Der deutsche Regisseur kondensiert Beethovens Befreiungsoper auf drei statische Bühnenräume, die in seiner typischen Stilistik streng in Grau, Schwarz und Weiß gehalten sind. Farblos ist die Inszenierung aber keineswegs. Wie bei Stanley Kubricks "2001 - Odyssee im Weltraum" spielt eine schwarze Stele die räumliche Hauptrolle, als Sinnbild für das fatale Schicksal des Menschen.
Auch die anstelle der Rezitative gesetzten Soundcollagen erinnern an György Ligetis "2001"-Soundtrack. Die Entscheidung, auf die Dialogpassagen zu verzichten, erweist sich dabei als goldrichtig, um dem Stück mehr Stringenz zu geben.

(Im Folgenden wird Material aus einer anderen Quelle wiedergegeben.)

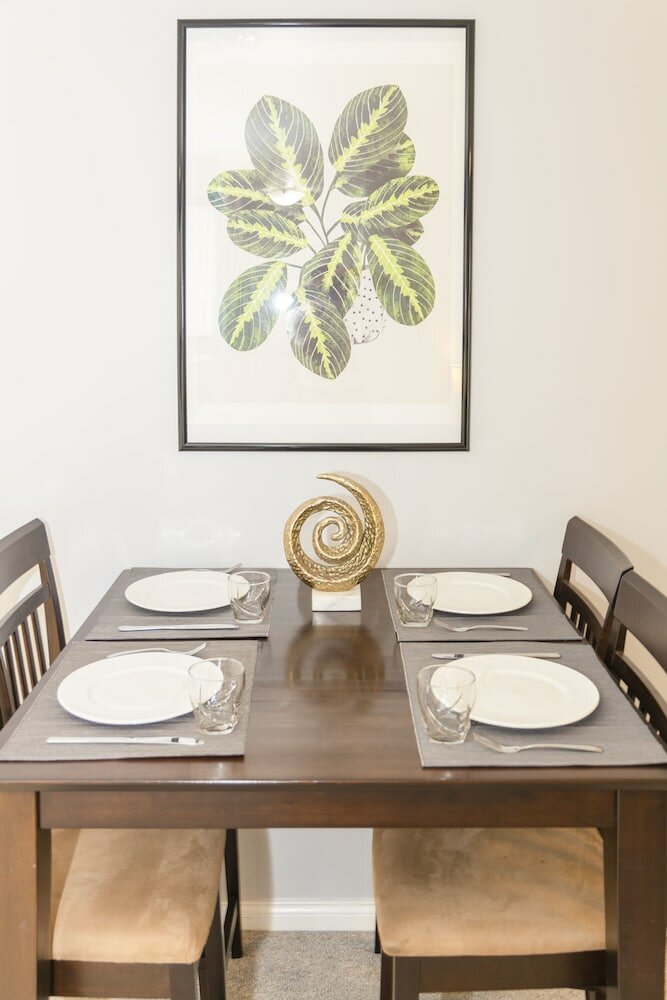 Фото 2298 Setchfield Ave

Und durch Torsten Ottersbergs Klangdesign bleiben die einzelnen Arien so isoliert für sich, dass sie sich mit der Grundintention der Regie decken, die einzelnen Figuren als verloren zu zeigen - im überdimensionierten Raum wie im Leben. Eine Verbindung zwischen den Menschen ist hier nicht mehr möglich, ebenso wenig wie zwischen den Arien.
Poetische Momente wie wandernde Schatten als Dopplung der Hauptfiguren stehen dabei jedoch immer wieder einer schwachen Personenführung gegenüber. Die Idee, Leonore mit einer Gebärdendolmetscherin zu doppeln, überzeugt auch nicht. Das Schlussbild erscheint schließlich im falschen Glanz eines überdimensionalen Kronleuchters, der den trügerischen Optimismus symbolisiert. Und Florestan stirbt.
Trotz seiner Kühle und dem eleganten Minimalismus gibt das Regiekonzept damit Startenor Jonas Kaufmann die Bühne für veritables Sängertheater. Und was soll man zu dem Auftritt des deutschen Startenors sagen? Der 46-Jährige spielt einfach in einer eigenen Liga mit seiner Stimme, die er mit Interpretationskunst zu vereinen weiß - was sich auch wieder beim Florestan, eine seiner Paraderollen, erwies. Adrianne Pieczonkas Leonore fehlt in den dramatische Momenten hingegen etwas die Durchschlagskraft, was sie in den lyrischen Passagen wieder wettmachte.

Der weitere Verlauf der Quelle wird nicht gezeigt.